利益目標があるときは、売上高について下記の計算式が成り立つ。
売上高-(変動費+固定費)=利益目標の金額
売上高をAとして方程式を立て、計算過程と結果を確認してみよう。
A-(0.7A+21万円)=60万円
A=(60万円+21万円)/0.3
∴売上高=270万円
したがって、利益目標を達成するための売上高は、次の計算式で求められるとわかる。
売上高=(目標利益+固定費)/限界利益率
計算問題3.利益率目標があるパターン
【例題】
変動費率70%、固定費21万円のとき、利益率を20%にするための売上はいくらか?
目標とする利益率があるとき、売上高について下記の計算式が成り立つ。
売上高-(変動費+固定費)=売上高×目標とする利益率
売上高をAとして方程式を立て、計算過程と結果を確認してみよう。
A-(0.7A+21万円)=0.2A
A=21万円/0.1
∴売上高=210万円
したがって、目標利益率を達成するための売上高は、次の計算式で求められるとわかる。
売上高=固定費/(限界利益率-目標利益率)
損益分岐点を分析して販売活動を見直す
損益分岐点の概要をはじめ、分析するメリットや固定費との関係、計算式などを解説した。

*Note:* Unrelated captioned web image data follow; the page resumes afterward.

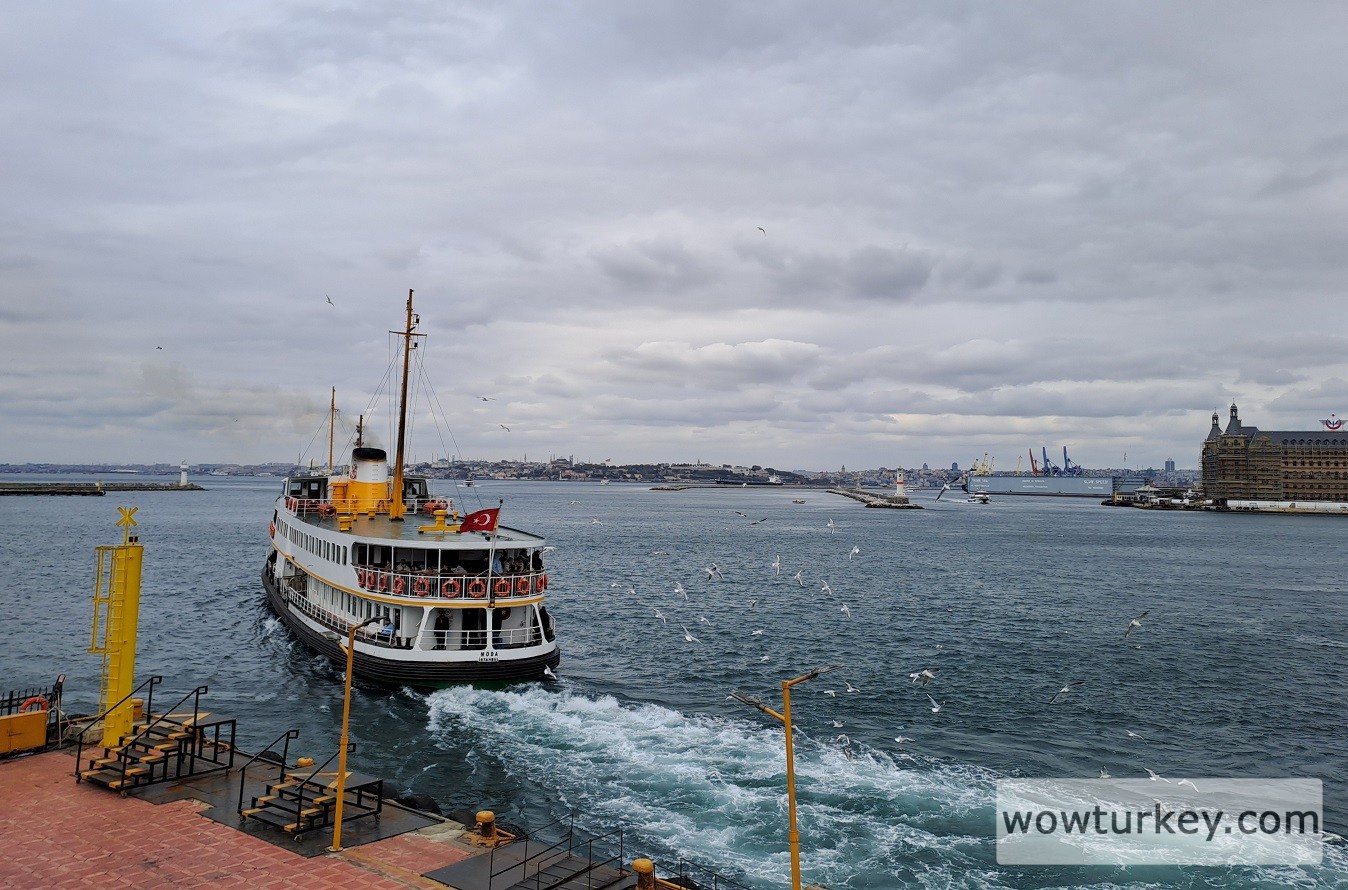 20241116_124652 (1).jpg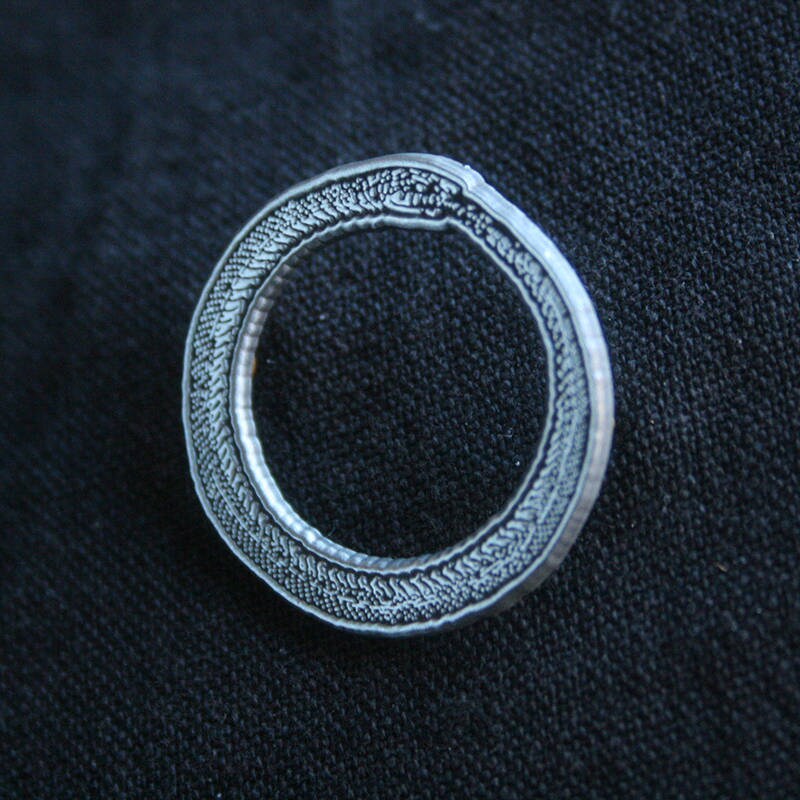 Ouroboros - PIN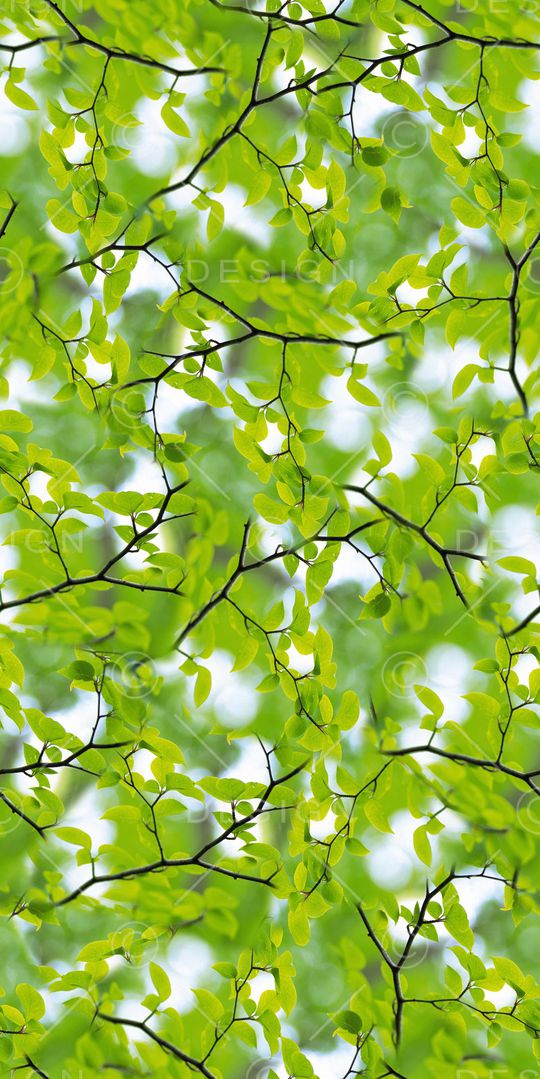 满版花印花华亿平台图片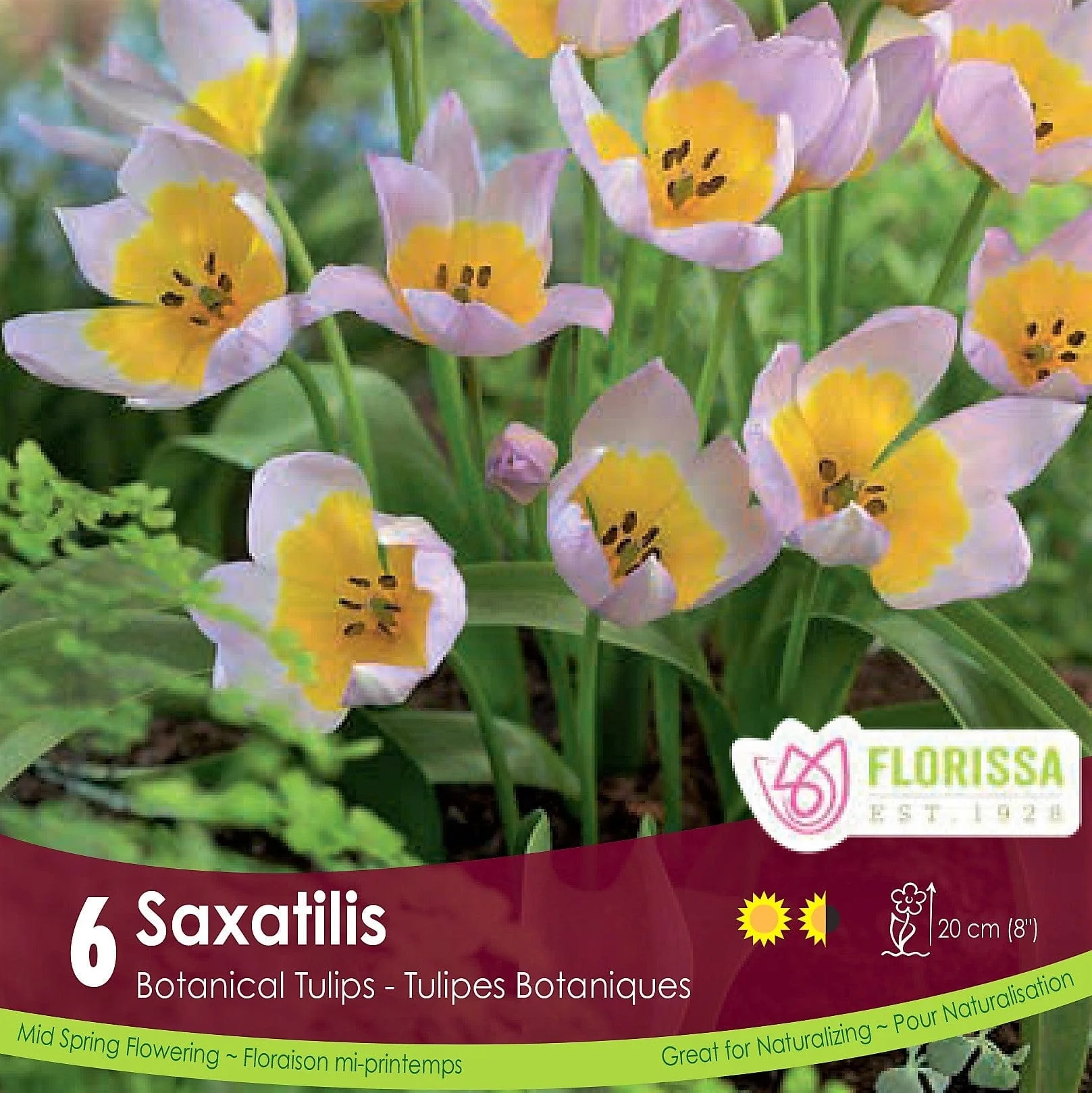 Tulip - Saxatilis, 6 Pack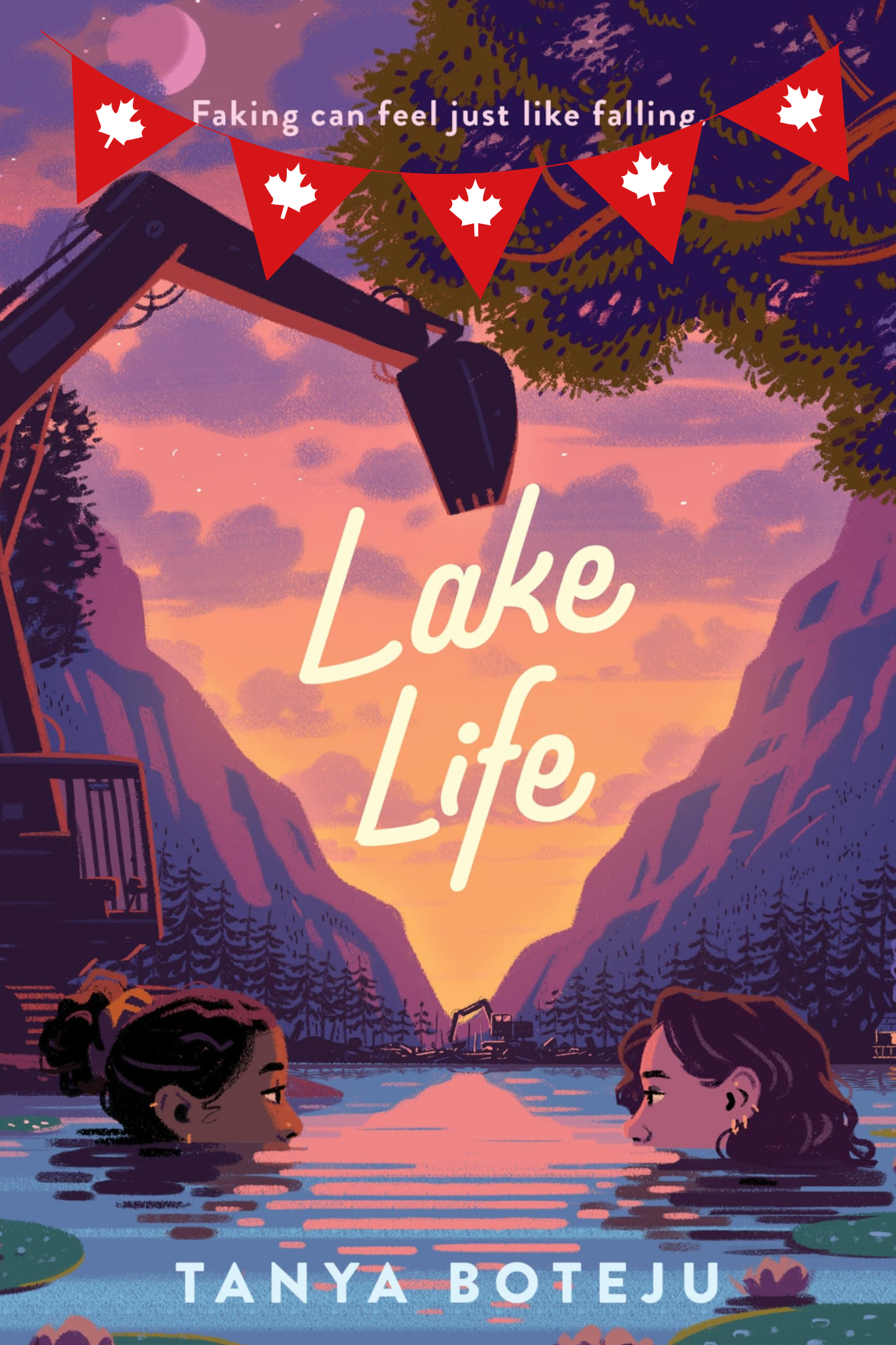 Lake Life (Hardcover)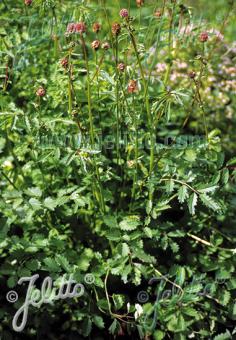 SANGUISORBA minor hort.   Portion(en)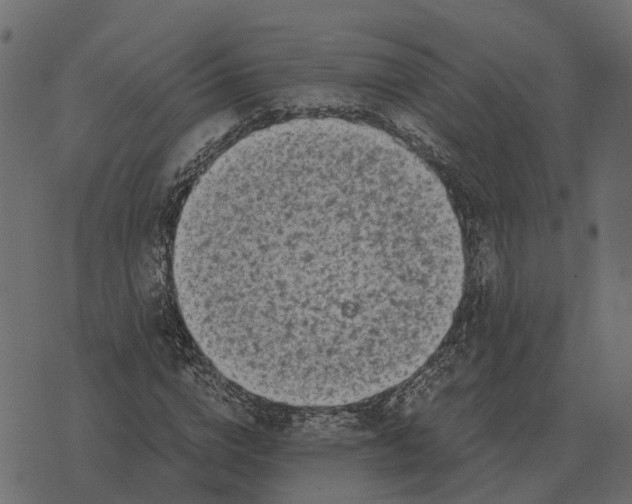 X0000073450824200608251703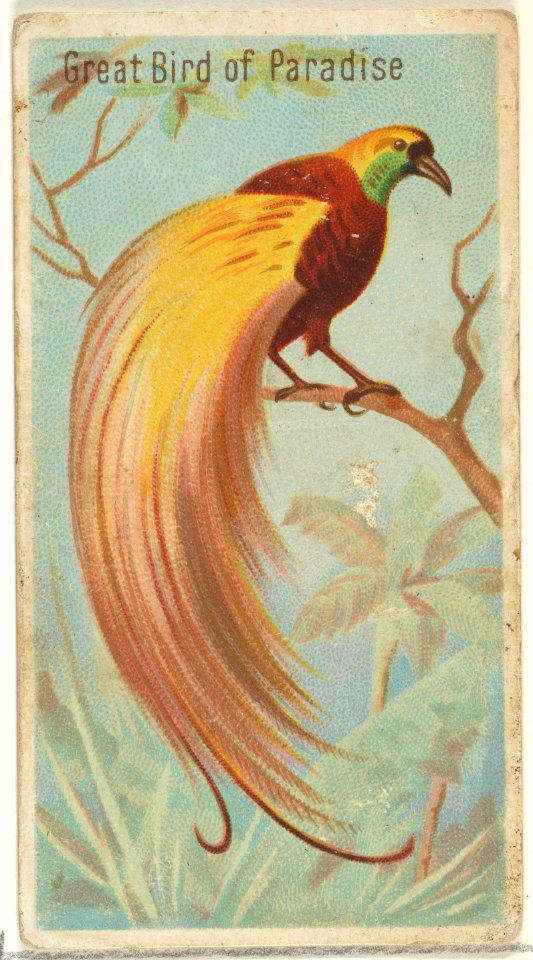 Great Bird of Paradise, from the Birds of the Tropics series (N5) for Allen & Ginter Cigarettes Brands MET DP829132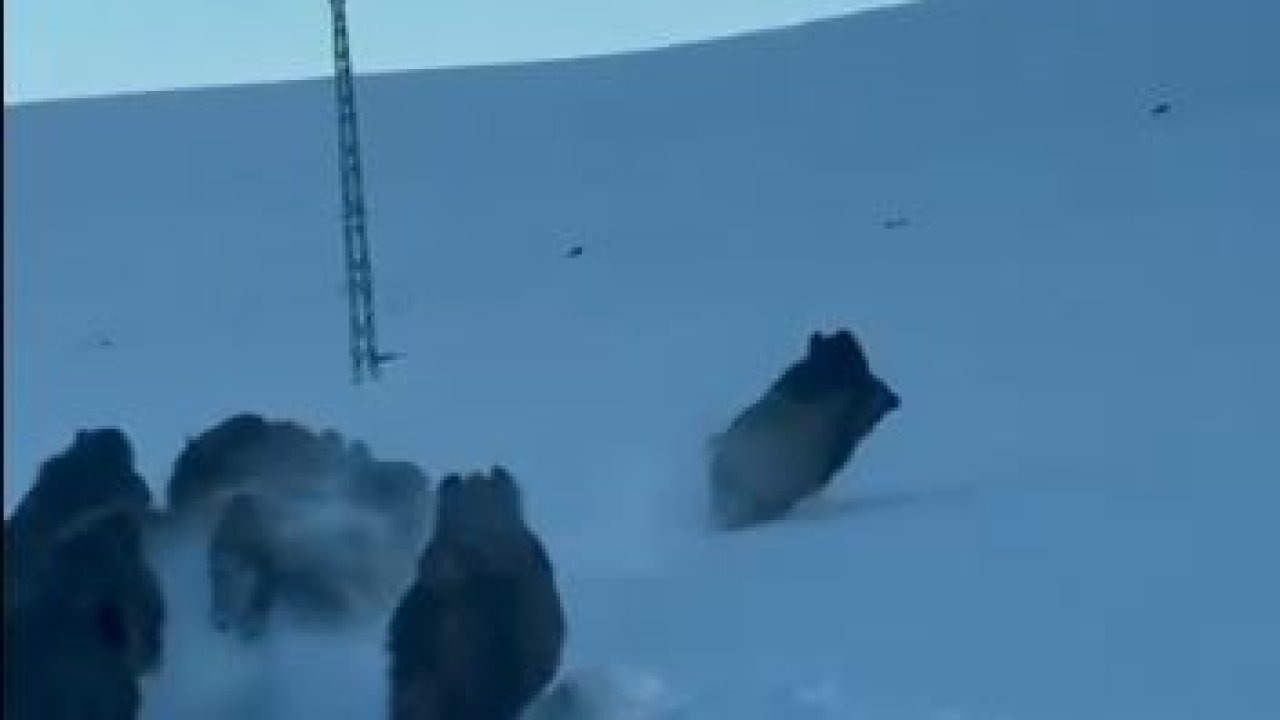 Ardahan’da Kar Yolu Üzerinde Domuz Sürüsü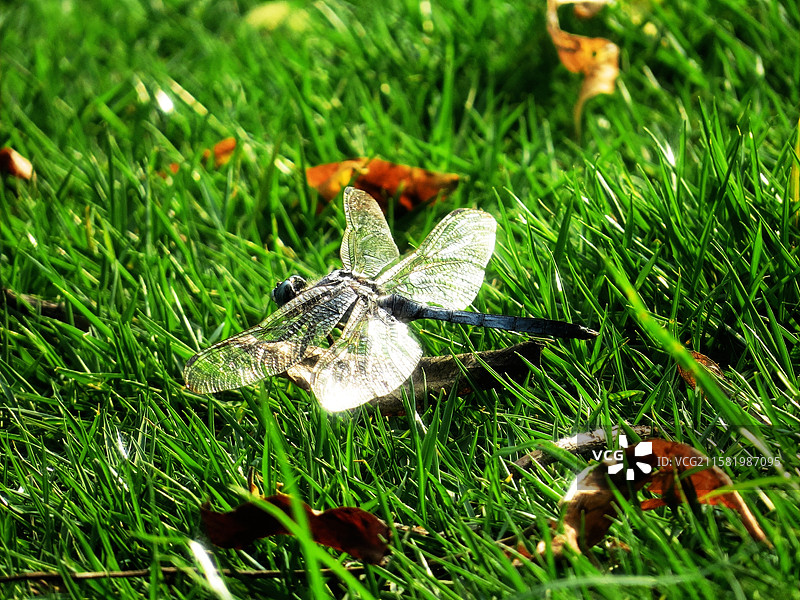 草地上的夏天-绿草蜻蜓与落叶图片素材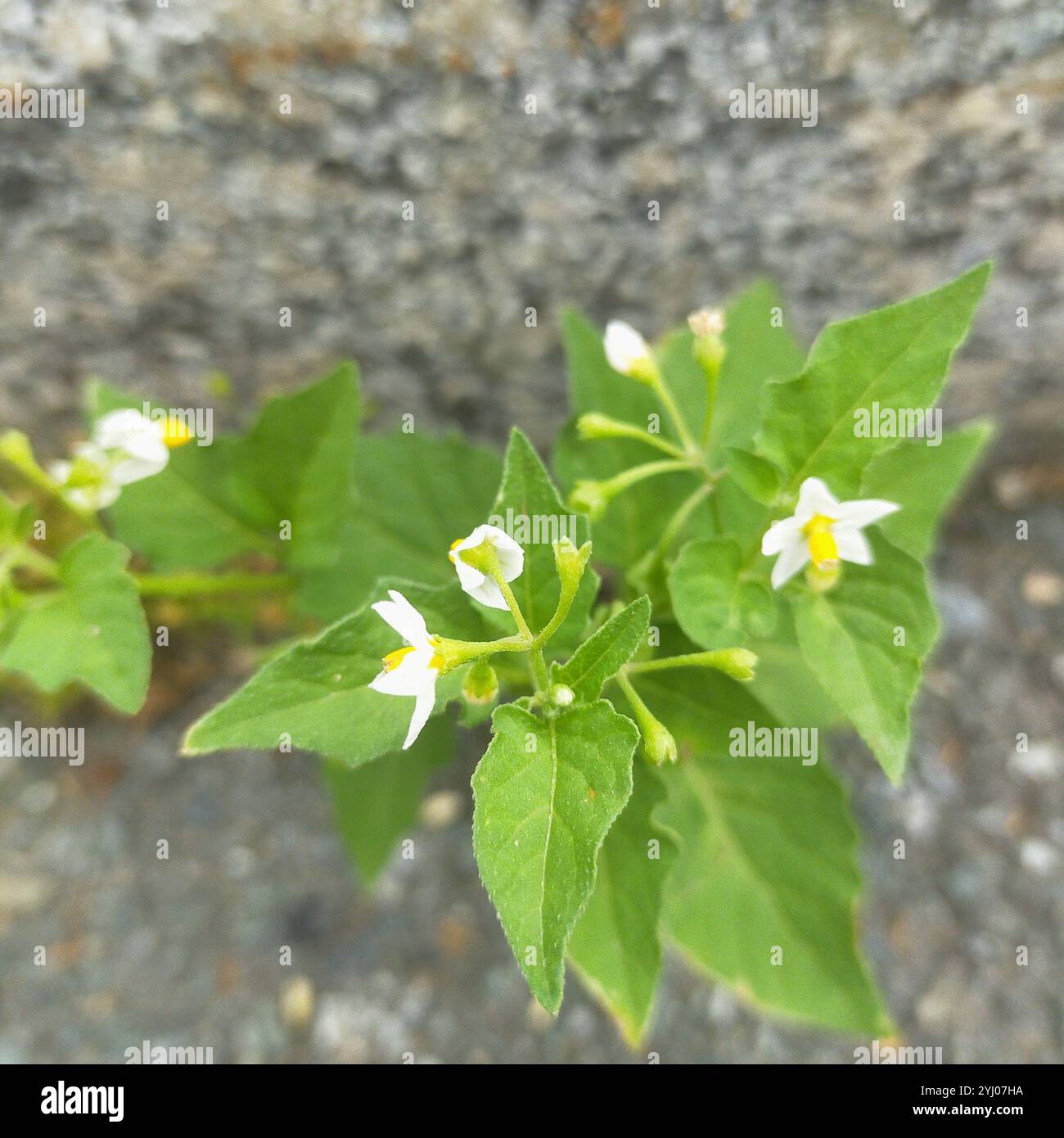 black nightshade (Solanum nigrum Stock Photo - Alamy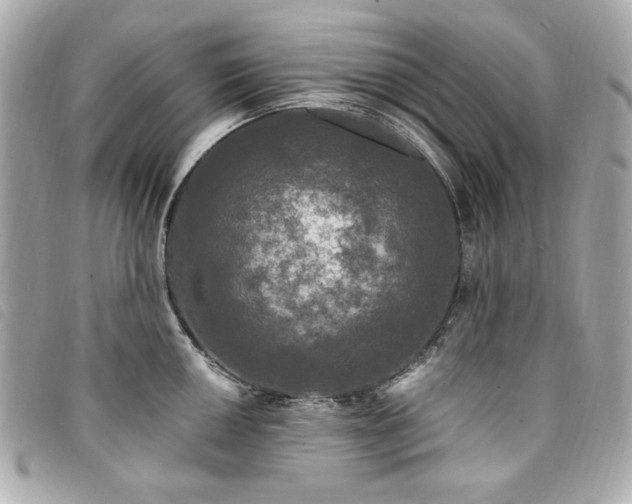X0000094231050200710261252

なお、損益分岐点はあくまで会計上の損益をもとに算出するので、資金の流れとは一致しない。したがって、安全余裕率などを損益分岐点から計算したいときは、別の安全性の指標と合わせて分析することも大切である。
販売活動を見直したいのであれば、正しい計算式を知ったうえで、損益分岐点の分析を行ってみてはいかがだろうか。